Kebanyakan yang saia tulis di blog ini adalah pengalaman pribadi, gimana (belajar) nulis dan editing dalam waktu terbatas. Dan kalau bisa, memublikasikannya. Makanya kelihatan ada analisis ya. Kekeke.

***

@Tom, panjang bab bergantung sekali sama gaya cerita kamu dan apa yang lagi kami ceritain. Ada orang yang gaya ceritanya enak hingga bab panjang pun ga masalah. Ada yang nggak. Ada topik yang enak diceritain panjang2, ada yang nggak.

Tapi kalau sampe 27 halaman per bab, apapun topiknya saia merasa punya alasan untuk gak yakin itu enak. Jangankan Fablehaven. Alchemyst aja saia mabok, padahal panjang babnya rata-rata dibawah itu.

Tapi bisa juga di dalam bab itu nggak satu alur tak terputus.

Bisa aja ada break di dalam bab, yang ditandai spasi ekstra atau tanda bintang kek gini >> *** atau apalah, sebelum paragraf berikutnya.

Kalau untuk gaya bercerita saia, bab biasanya pendek. paling 5 halaman A4, atau sekitar 8-10 halaman buku.

Kalau untuk break dalam bab, secara gampangnya pikir kayak adegan film aj. Klo adegan itu mau diganti, pakailah break.

Moga2 info diatas nggak bikin sesat yah, hehehe.

Anonim mengatakan...

*StillSerieusNyatet*

Ayayai... keknya 5-6 halaman A4 per bab jadi ukuran ideal buat naskahku juga.

Kalo soal menyesatkan, Errr... selama tombol comment nya gak diilangin, saya bakal nanyaaaaaaa teros sampe gak tersesat heheh.

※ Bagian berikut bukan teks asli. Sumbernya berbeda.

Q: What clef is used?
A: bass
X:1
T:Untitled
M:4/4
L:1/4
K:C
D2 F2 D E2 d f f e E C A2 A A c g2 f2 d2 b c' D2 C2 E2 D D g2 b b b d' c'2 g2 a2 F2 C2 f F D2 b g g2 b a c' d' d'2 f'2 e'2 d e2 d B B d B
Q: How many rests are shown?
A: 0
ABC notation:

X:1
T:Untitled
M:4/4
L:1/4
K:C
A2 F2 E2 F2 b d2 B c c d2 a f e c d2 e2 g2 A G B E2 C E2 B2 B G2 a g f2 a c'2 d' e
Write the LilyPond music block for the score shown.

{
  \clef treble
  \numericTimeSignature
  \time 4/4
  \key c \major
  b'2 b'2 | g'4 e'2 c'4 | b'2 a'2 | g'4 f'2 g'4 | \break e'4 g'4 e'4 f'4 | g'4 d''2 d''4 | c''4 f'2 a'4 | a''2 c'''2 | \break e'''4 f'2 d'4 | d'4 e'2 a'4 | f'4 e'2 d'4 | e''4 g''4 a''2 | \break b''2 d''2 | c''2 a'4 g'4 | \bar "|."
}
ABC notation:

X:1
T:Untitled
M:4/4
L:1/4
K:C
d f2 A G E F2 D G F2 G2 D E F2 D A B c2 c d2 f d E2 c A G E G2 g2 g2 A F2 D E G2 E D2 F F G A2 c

Rikues Mbak.. pan kapan bikin dong cara ngatur tempo alur yang enak buat diikutin, tanpa perlu ngasih inpo dumb untuk memperlambat (ato jangan2 udah pernah disinggung ya? ;-? )

Kamsya sebelonnya,

^^d

Tom

Luz Balthasaar mengatakan...

Gimana bikin cerita yang enak diikuti? Secara sederhana, sejauh yang sudah saia pelajari:

Pertama, hindari infodump.

Kedua, hubungan sebab-akibat antar kalimat, antar paragraf, dan antar bab jelas. Jangan ujug-ujug.

Ketiga, pakai kalimat-kalimat yang jelas.

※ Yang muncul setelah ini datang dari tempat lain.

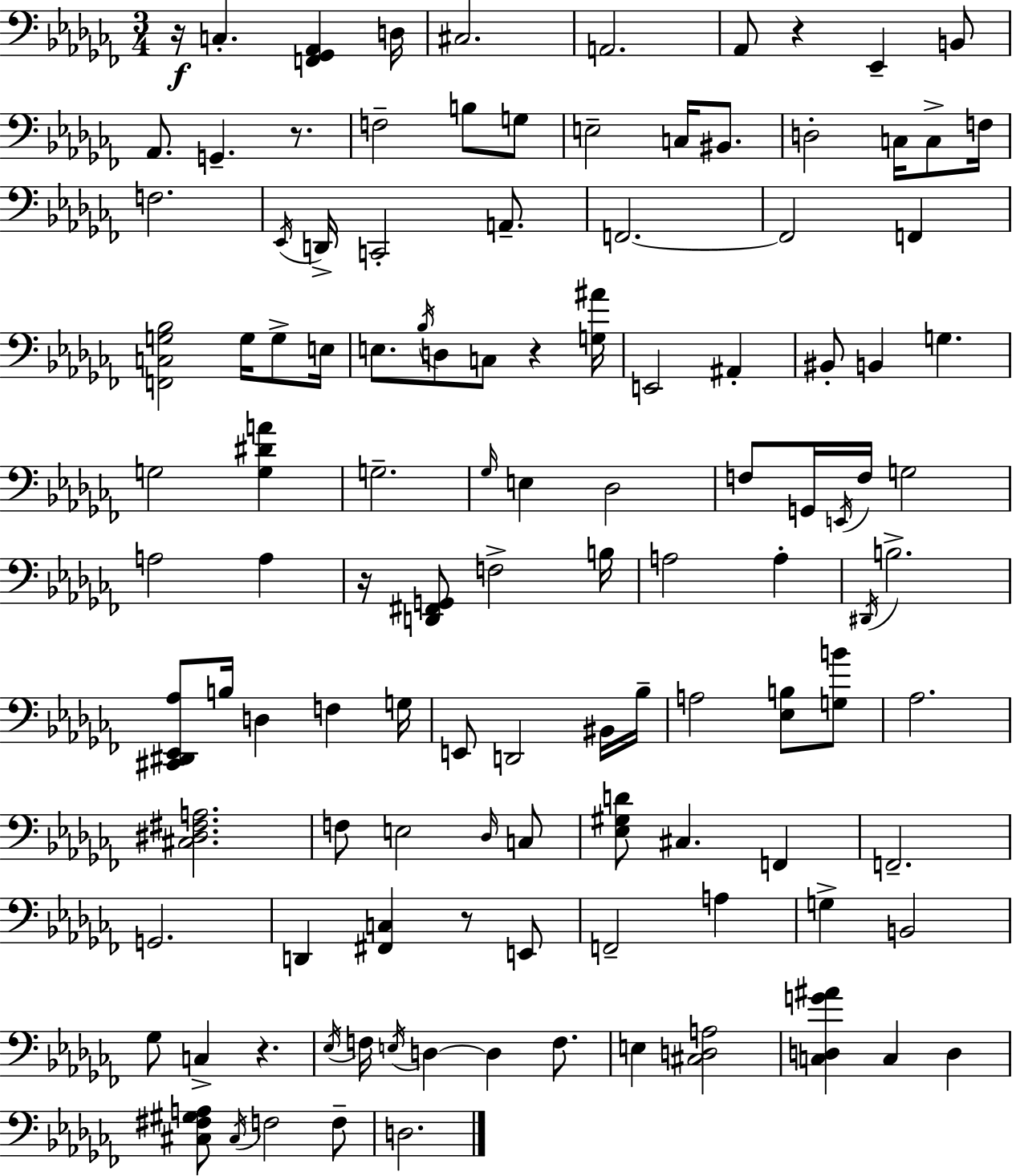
{
  \clef bass
  \numericTimeSignature
  \time 3/4
  \key aes \minor
  r16\f c4.-. <f, ges, aes,>4 d16 | cis2. | a,2. | aes,8 r4 ees,4-- b,8 | \break aes,8. g,4.-- r8. | f2-- b8 g8 | e2-- c16 bis,8. | d2-. c16 c8-> f16 | \break f2. | \acciaccatura { ees,16 } d,16-> c,2-. a,8.-- | f,2.~~ | f,2 f,4 | \break <f, c g bes>2 g16 g8-> | e16 e8. \acciaccatura { bes16 } d8 c8 r4 | <g ais'>16 e,2 ais,4-. | bis,8-. b,4 g4. | \break g2 <g dis' a'>4 | g2.-- | \grace { ges16 } e4 des2 | f8 g,16 \acciaccatura { e,16 } f16 g2 | \break a2 | a4 r16 <d, fis, g,>8 f2-> | b16 a2 | a4-. \acciaccatura { dis,16 } b2.-> | \break <cis, dis, ees, aes>8 b16 d4 | f4 g16 e,8 d,2 | bis,16 bes16-- a2 | <ees b>8 <g b'>8 aes2. | \break <cis dis fis a>2. | f8 e2 | \grace { des16 } c8 <ees gis d'>8 cis4. | f,4 f,2.-- | \break g,2. | d,4 <fis, c>4 | r8 e,8 f,2-- | a4 g4-> b,2 | \break ges8 c4-> | r4. \acciaccatura { ees16 } f16 \acciaccatura { e16 } d4~~ | d4 f8. e4 | <cis d a>2 <c d g' ais'>4 | \break c4 d4 <cis fis gis a>8 \acciaccatura { cis16 } f2 | f8-- d2. | \bar "|."
}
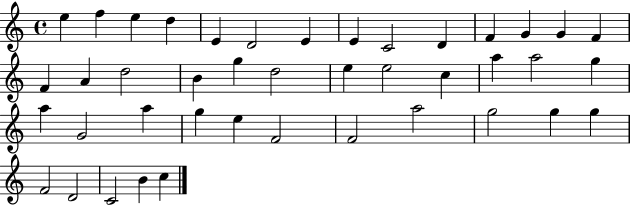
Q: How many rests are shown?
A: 0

Dan keempat, materi ceritanya itu sendiri harus menarik dan ada ketegangannya.

Itu gampangnya. Satu-dua-tiga terutama gampang. Tapi yang nomor empat itu...

Jojo mengatakan...

Saya cinta mati sama blog ini.

Mulai dari gaya bahasanya yang nyelekit maksimum, ketajaman pengamatannya, ide-ide yang saya setujui 100%, lingkup topiknya yang luas sampai komentatornya yang terkadang suka ceramah dan geje sendiri... I love them all. Aku ketagihan sama blog ini terus akhirnya baca dari yang paling baru sampe yang paling awal awal banget.

Tips-tips anda benar-benar berguna, lho. Setiap kali saya baca satu blog post saya lihat naskah saya lagi dan pada akhirnya bikin satu-dua editan. Yah bukannya ngikutin tulisan anda jadi kitab suci; saya hanys jadi berpikir lagi setiap kali melihat kritik anda ke novel lain. Hmm, memang bagian yang ini kurang sreg, memang karakter ini tidak perlu, memang detil yang itu berlebihanmemang nama yang ini ga begitu sreg, dst. dst.

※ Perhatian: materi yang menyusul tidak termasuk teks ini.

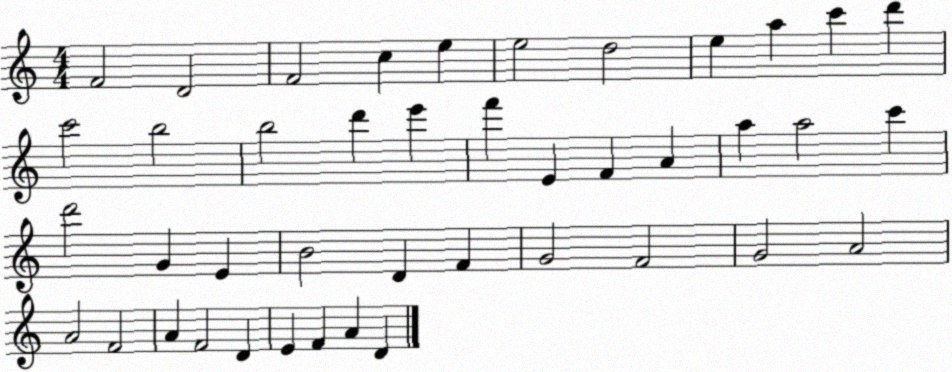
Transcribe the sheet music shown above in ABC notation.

X:1
T:Untitled
M:4/4
L:1/4
K:C
F2 D2 F2 c e e2 d2 e a c' d' c'2 b2 b2 d' e' f' E F A a a2 c' d'2 G E B2 D F G2 F2 G2 A2 A2 F2 A F2 D E F A D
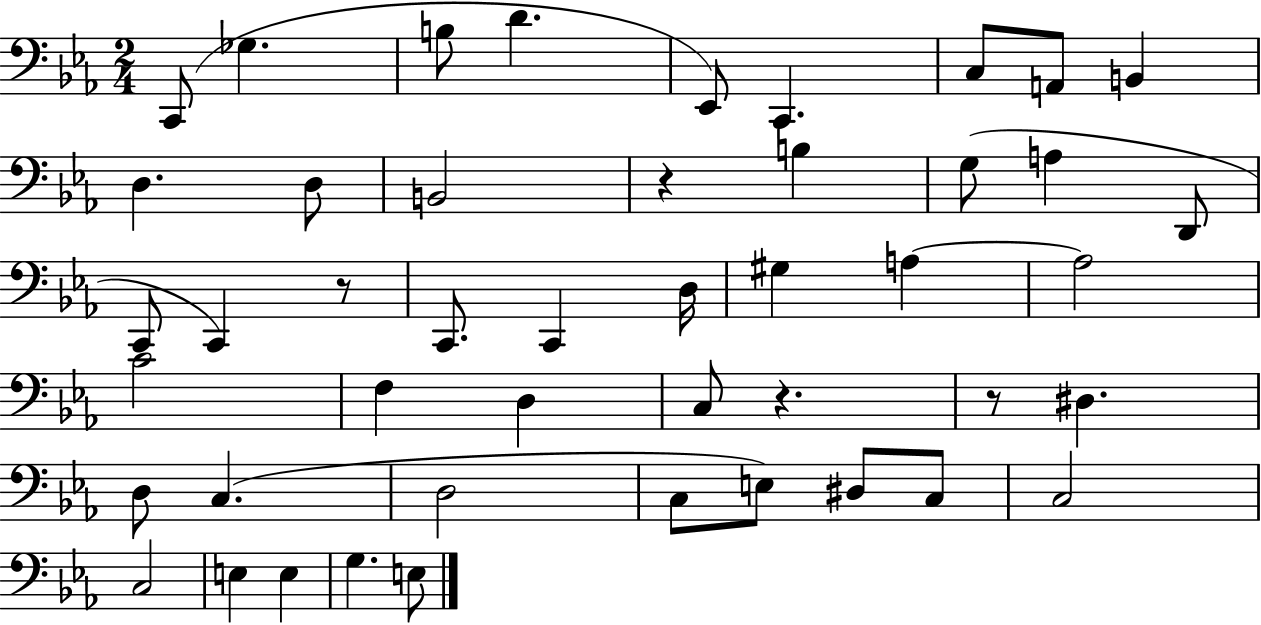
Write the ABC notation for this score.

X:1
T:Untitled
M:2/4
L:1/4
K:Eb
C,,/2 _G, B,/2 D _E,,/2 C,, C,/2 A,,/2 B,, D, D,/2 B,,2 z B, G,/2 A, D,,/2 C,,/2 C,, z/2 C,,/2 C,, D,/4 ^G, A, A,2 C2 F, D, C,/2 z z/2 ^D, D,/2 C, D,2 C,/2 E,/2 ^D,/2 C,/2 C,2 C,2 E, E, G, E,/2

Sumpah, kalau begini caranya bisa -bisa saya nyelesaiin novel saya cuma biar nanti bisa baca repiunya mbak Luz (yang jujur, menyakitkan dan berguna, tentunya. :D)

Luz Balthasaar mengatakan...

@Elmion, Makasih yah.

Memang tujuannya saia bikin blog ini adalah buat ngebantuin siapapun yang mau jadi penulis. Saia natoh pengalaman saia, keberhasilan saia, bahkan sampai semua fail, ngamuk dan capek2 saia selama belajar menulis.

Do finish your novel. Jangan pikirin buat dibantai. Pikirin puasnya aja kalau dikau dah berhasil, okay? :D

Oh ya, maaf saia agak lama updatenya. Ada beberapa hal yang harus saia selesaikan di awal tahun. Tapi semoga saia bisa on track lagi segera. :D

AbyssCrawler mengatakan...

mantap. thx, gw jadi tau gimana harus mangkas naskah gemuk ini.